What my eyes see, won't change what my heart feels....this is why it is important to know my worth....I am a daughter of God. {you are too!}

Um Ya...that's me...It's hard looking in the mirror, I don't see what I want to see. see this...Love this...
 I had to take a moment to laugh at myself. I seriously can't take a decent selfie!  {I think it takes more practice than I am willing to sacrifice.} I'd rather laugh then keep taking pictures. 

I talked to my Doctor about my headaches too. He told me migraines,  can be caused by hormones too. 

***
So....basically I am a hormonal wreck...overstimulated....and this is coming out of my pores and my brain is shutting down.... making it necessary for me to lay down and do absolutely nothing....Ain't that great!!  

Well now, I know I might be confusing you. I said  somedays I would like to just stay in bed all day....well, this is NOT the way to stay in bed...not with a migraine in which light or sound is crushing you....
I meant in bed eating ice cream, watching all the chick flicks you want, and paging through your favorite magazines and cutting out the things you like. That's the kind of stay in bed all day I like.
***

Most of the time I am trying to create fun....this is my fun...helping Gigi with her list of  having a "Not a Bummer Summer".  We are making paintings. 

Mine turned into a collage. I grabbed a bunch of random stuff I've been saving...
I made this little shield/crest...of our family...a while ago...before  Little Em...



I had a good cry while making this. Of course...one of joy for all that I have, and all that I wish for...and what I am trying to build and be. 
 
This sheet music is the song My Mister and I danced to on our wedding day... 

Trying to remember the words I wrote when I finished it.
"even as the edges tear, we keep them with us,
to remember always... what we have gone through.
And know that rough edges are rounded over time. 
Confetti sprinkled memories and wishing for more...me and My Mister...

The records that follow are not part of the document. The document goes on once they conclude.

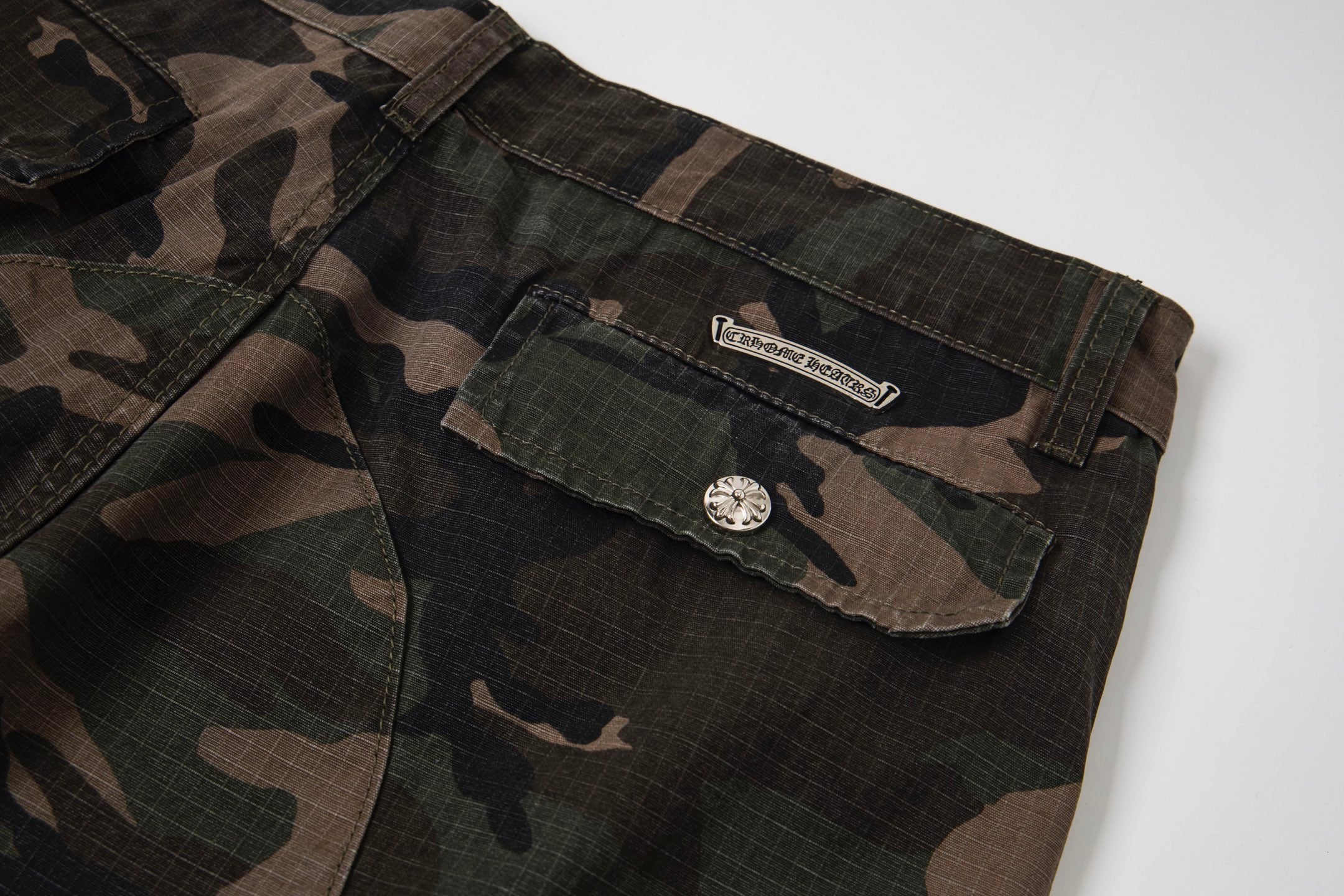 Chrome Heart Camo Cargo Pants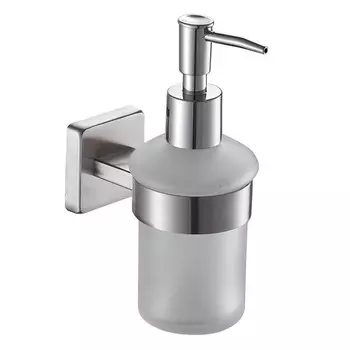 дозатор для жидкого мыла VITARTA Erida настенный нержавеющая сталь хром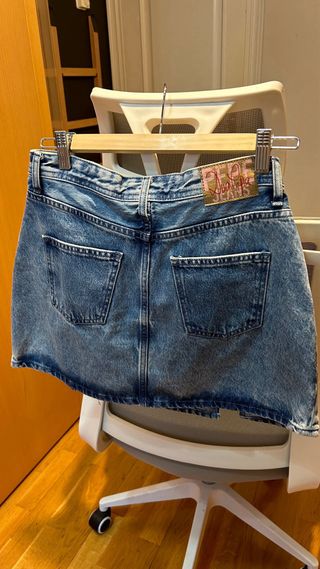Minifalda Vaquera Pepe Jeans Dua Lipa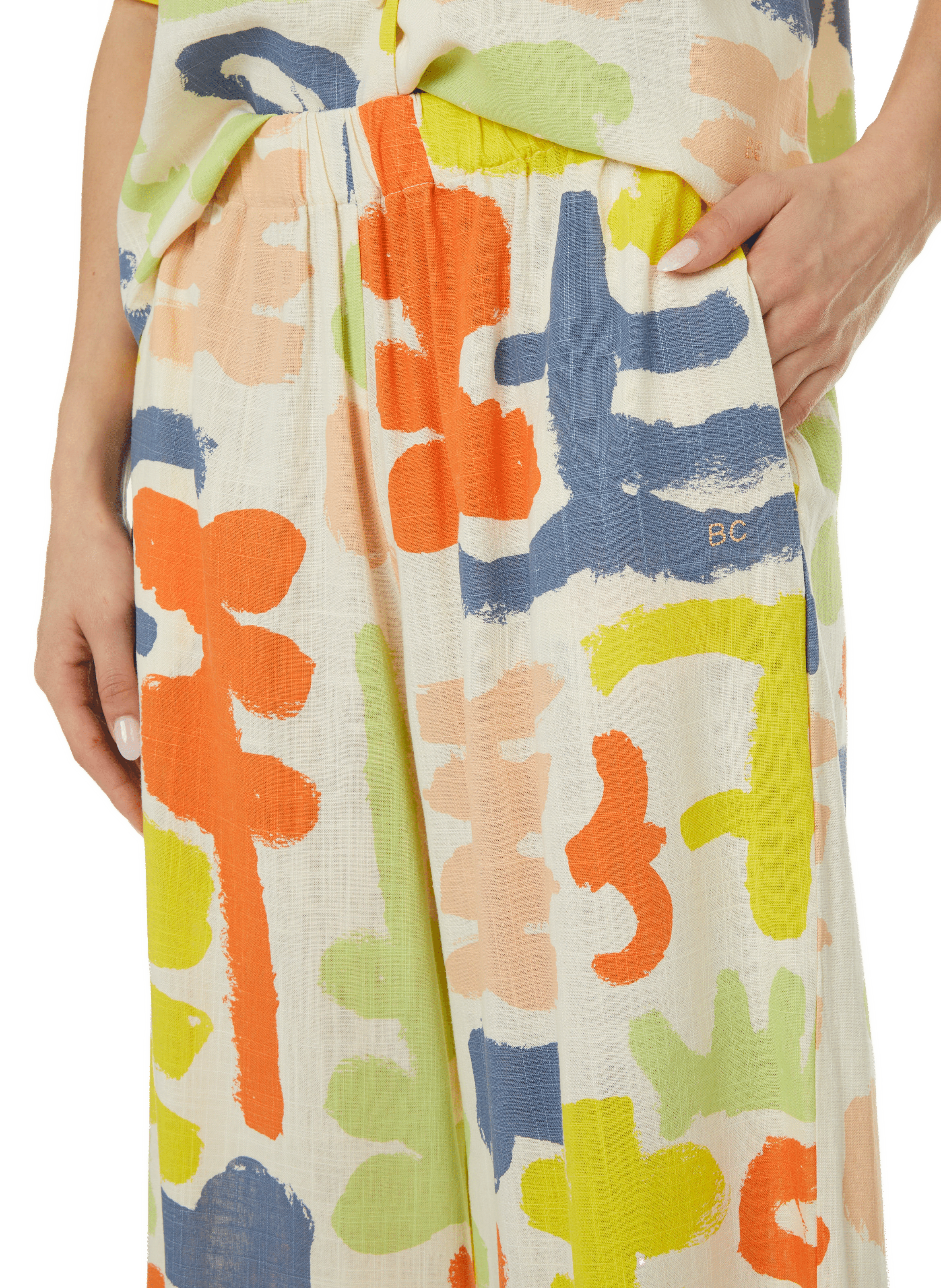 Pantalon Carnival large BOBO CHOSES Multicolore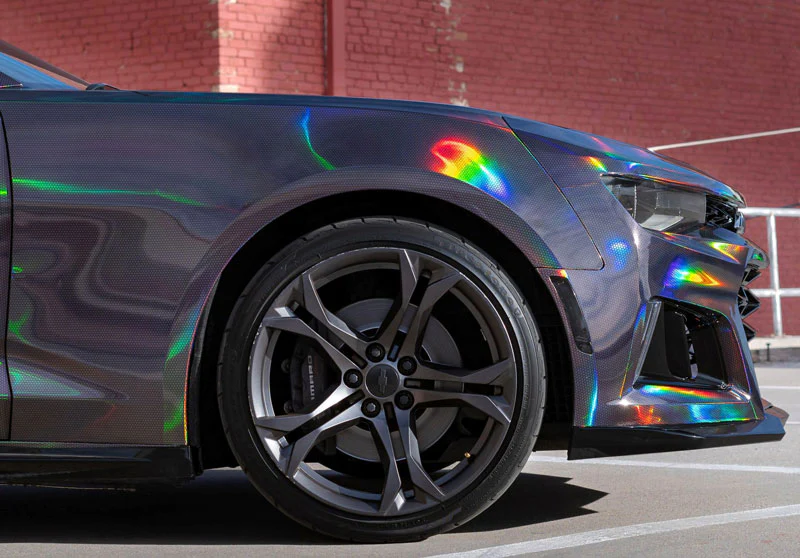 HoloHex Chrome: Black - Image 4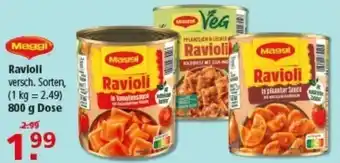 Multi Markt Maggi Ravioli Angebot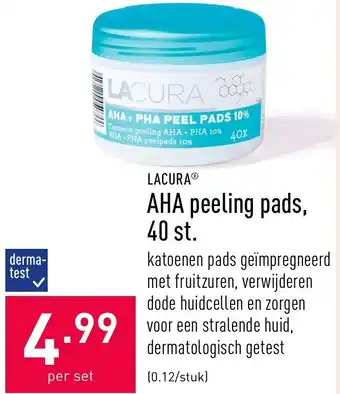 Aha peeling pads 40 st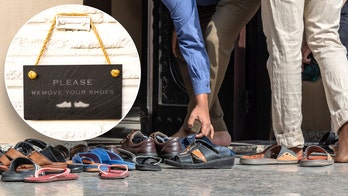 Should guests take off shoes when visiting a home if asked? Experts chime in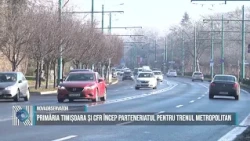 Timișoara City Hall and CFR begin partnership for the metropolitan train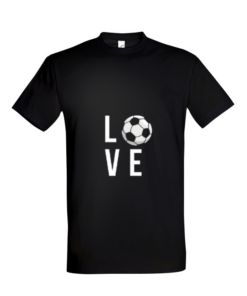 Universalūs marškinėliai "LOVE FOOTBALL"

 I actually wrote something down,
 a poem of sorts, 
which felt like a love song, 
and...I loved it  so much...
I actually................emailed it to Mindy Gledhill. 

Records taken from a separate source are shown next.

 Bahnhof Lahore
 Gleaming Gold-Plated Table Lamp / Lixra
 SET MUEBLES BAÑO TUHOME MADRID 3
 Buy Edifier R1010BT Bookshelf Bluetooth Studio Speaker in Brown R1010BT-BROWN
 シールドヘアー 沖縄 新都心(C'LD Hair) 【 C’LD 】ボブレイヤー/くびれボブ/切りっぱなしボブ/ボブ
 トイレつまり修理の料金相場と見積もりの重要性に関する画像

Then on accident I erased what I had written and can't remember all the words and now only she has them.  Well, if she likes them, they will be put to good use. {:)}for future reference,  I need to remember to put pencil to paper. 

Here is Gigi's work....
this happened over a span of a week. She did feathers in pastels and abstract art in acrylic and then used Mod Podge to put them together.

For another art piece she used old sheet music with Mod Podge and then painted stripes and dandelions. 
She wrote a little poem that she wants to put on the stripes...but I ran out of printer ink and so, she didn't get to complete it ...but she will.

Here she is giving herself points for making a  painting... We still have to do a science project....but I think I'll have My Mister do that.


 
I've been taking My Little Man swimming and sharing on Facebook because that's where the grandparents keep up while serving there missions...it's not easy to call and share. They can see on their free time and respond when they can.  I'll have a separate post for My Little Man's swimming experience. I am so inspired by him. Overcoming fear is a major part of life and he is conquering a big one with knuckle punches!! HI YAAA



I took Gigi  to Old Navy  to buy school uniforms. Ugh. She's not happy. She likes her little style. I feel her pain. I hate looking like everybody else and do my best to carve out a little nonsense of my own from time to time. Trying to stay youthful and happy, which is hard when it comes to clothes...
I am not getting any younger and I don't want to appear to be a teenager again...but I also don't want to be frumpy. What is the word to describe in the middle....well, that's what I'm trying to do.

I saw a baseball shirt I really wanted that says "love" in French. I have never been into this store...Forever 21, but to get to Old Navy from the parking lot you enter into Forever 21 and then go into the mall and next door is Old Navy.
When I saw the little baseball shirt that said...Amour....and I was smitten....
I LOVE WORDS AND I LOVE CLOTHES THAT SPEAK...
Especially words like love. I told my Mister about it and well, yep...a   Ta Da here it is!

Score...wondering if this will go with a skirt I just ordered?

OK, so on to some silliness since we are talking clothes now.  A little thing I do that is just for me...Just a little glimpse....for you to see...

My Mister and I love The Office. There is a scene where Kelly is trying to get Pam to do a fashion show at lunch. "Fashion show... Fashion show...fashion show at lunch..." If your a fan, you'll know.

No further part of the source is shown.